Dr. Đinh Trọng Thịnh – Economic expert said that liquidity has improved recently, so the State Bank of Vietnam is attracting money back to adjust the amount of money circulating in the market to prevent inflation.

At the beginning of the year, the Ministry of Finance also announced the issuance of bonds to mobilize money for public investment, so the State Bank of Vietnam’s attraction of money is just a normal pumping action.

In fact, this attracted amount of money partly contributes to reducing the money supply in the market, making the value of VND higher than it is currently.

If the State Bank of Vietnam continues to attract money, it may slightly increase the interest rates again, but Dr. Thịnh expects that both savings interest rates and lending rates will continue to decline in the near future.

“Recently, the State Bank of Vietnam has requested commercial banks to publicly announce lending rates, making the difference between savings interest rates and lending interest rates more apparent. Therefore, the reduction of lending rates is still continuing,”

he added.

The action of attracting money is short-term and more positive than in November

Meanwhile, Mr. Huỳnh Minh Tuấn – Chairman of the Board of Directors of FIDT Joint Stock Company – evaluated that the continued attraction of money may somewhat tighten liquidity in the interbank market/stock market if the attraction action continues continuously in the near future.

The liquidity volume on the stock market in the recent period has been maintained at over 23,000 billion VND/session partly thanks to the excess liquidity in the financial system and record low interest rates flowing into the economy.

With the State Bank of Vietnam tightening the excess capital volume in the interbank market, experts believe that there may be concerns that the buying demand of the stock market will decrease somewhat due to liquidity risks as well as investor sentiment.

The attraction of money by the State Bank of Vietnam is expected to not affect the deposit/lending interest rate structure of the banking system in the second quarter, in the context of credit growth still not significantly improved.

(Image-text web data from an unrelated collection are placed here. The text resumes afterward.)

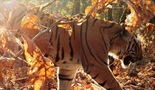 Tigar: špijun u džungli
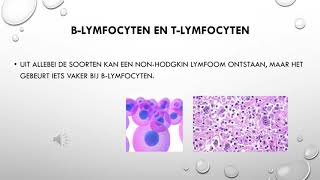 Non hodgkin lymfoom [upl. by Baptist]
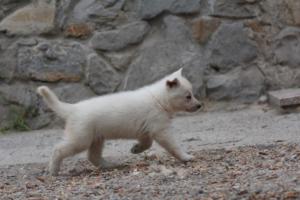White-Swiss-Shepherd-Puppies-BTWWNPups-290619-0001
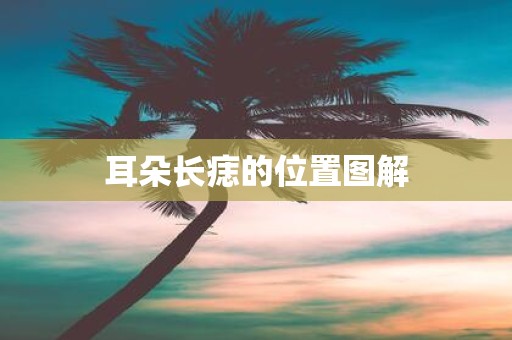 耳朵长痣的位置图解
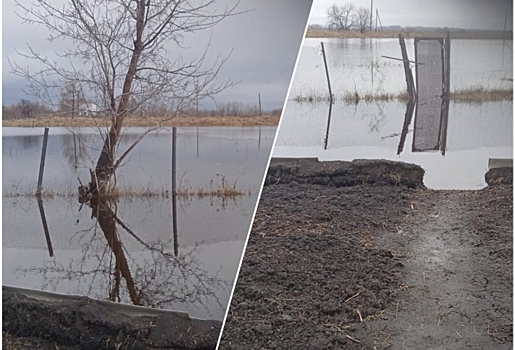 «В затопленных огородах плещутся ондатры» - На севере Омской области разлилась река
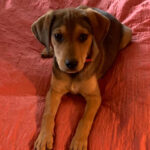 Mischling Tiksti, ca. 01/2022, ca. 55 cm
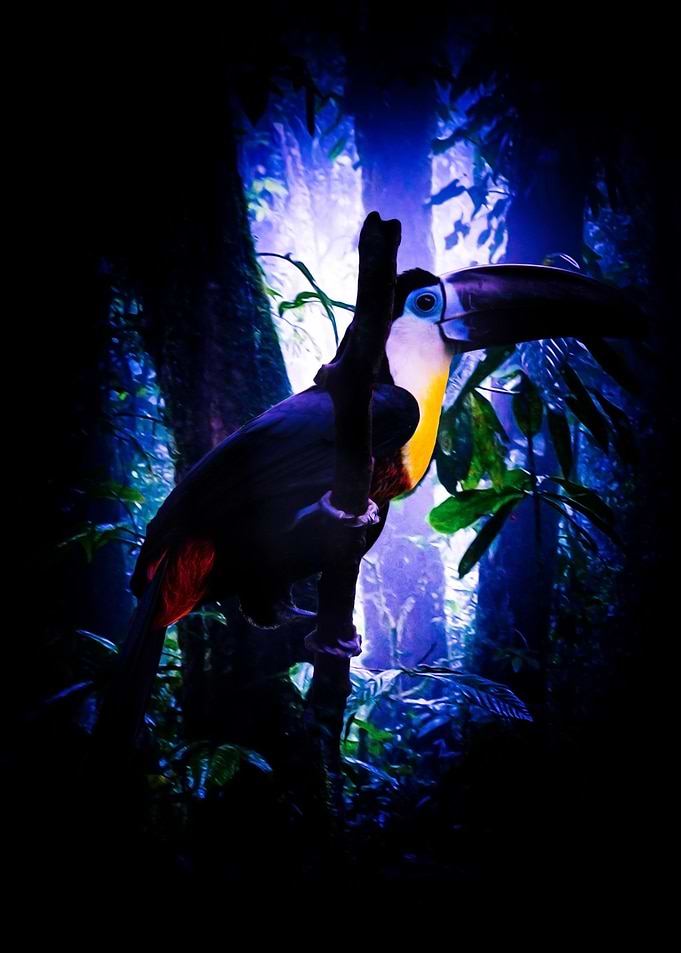 Toucan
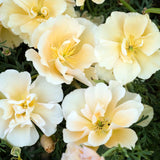 Sömntuta ´Peach Sorbet´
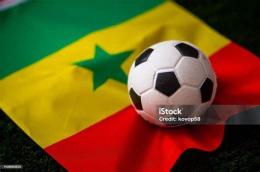 tính năng nổi bật đội tuyển bóng đá quốc gia senegal
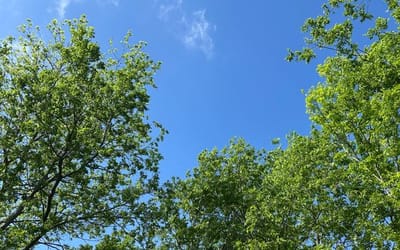 Green treetop with blue sky behind them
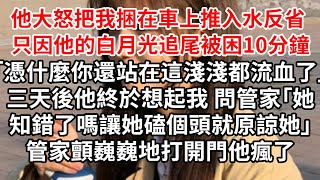 只因老公的白月光追尾被困10分鐘「憑什麼你還站在這淺淺都流血了」三天後他終於想起我 問管家「她知錯了嗎讓她磕個頭就原諒她」管家顫巍巍地打開門他瘋了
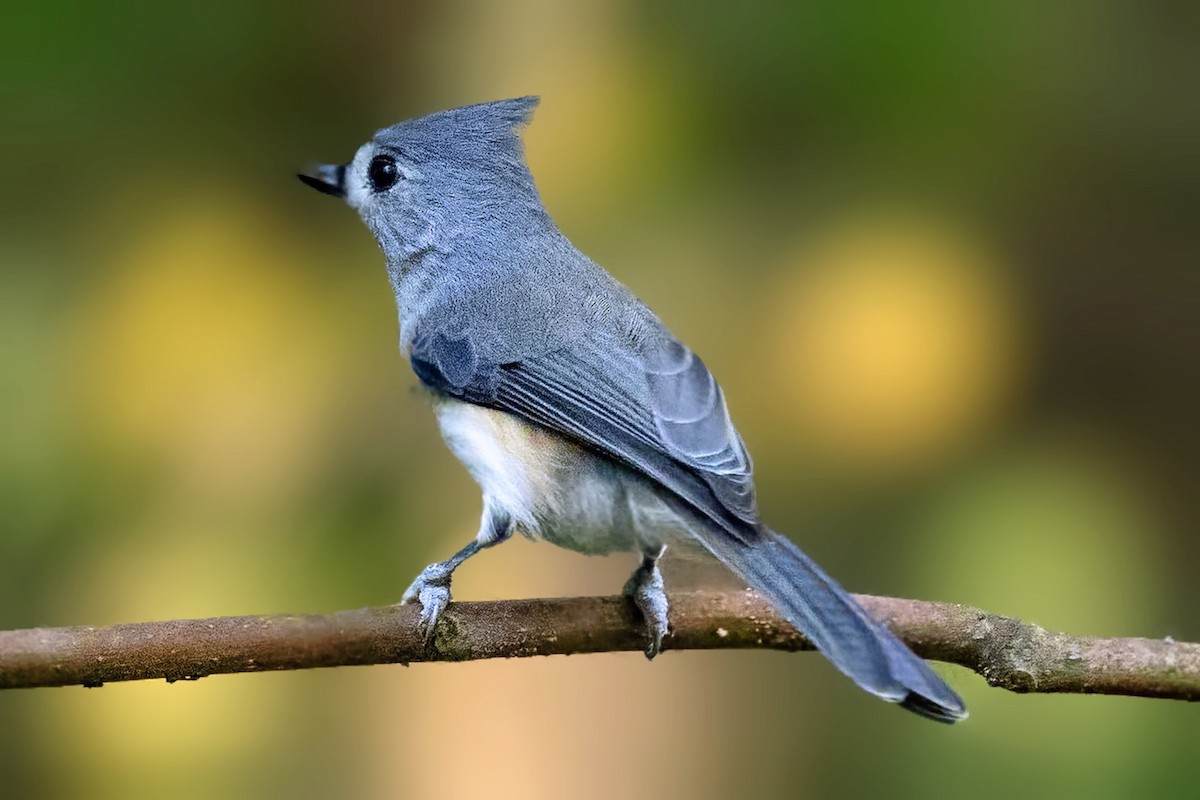 Tufted Titmouse - ML643571760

Mr. Tuấn assessed that the impact of this treasury bill issuance by the State Bank of Vietnam is also short-term and more positive than the November period.

In addition, Mr. Tuấn believes that the influx of speculative funds into the two markets, crypto and gold, is the main cause of exchange rate pressure. In recent weeks, both crypto and gold have reached all-time highs, leading to an increasing trend of speculation.

Although there are no specific figures, Mr. Tuấn speculates that the scale of speculation in Vietnam on the crypto and gold markets (especially crypto) is significant and can create strong fluctuations in the financial market. 

Currently, exchange rate pressure from the free market is significant, he said. The “black market” exchange rate has reached 25,700 VND/USD when the P2P (peer-to-peer) exchange rate in the crypto market is over 25,800 VND/USD.

Therefore, “the attraction action shows that the State Bank of Vietnam is concerned about speculative activities and has to temporarily stop speculative funds with intervention measures.

“The purpose of the State Bank of Vietnam is to protect the medium-term exchange rate expectation, the bank’s exchange rate expectation of Vietnam at the level of 24,800-25,000, with a safe fluctuation range of less than 3% per year,”

Mr. Tuấn added.

* The State Bank of Vietnam has attracted nearly 15 trillion VND through treasury bills after over 4 months of suspension.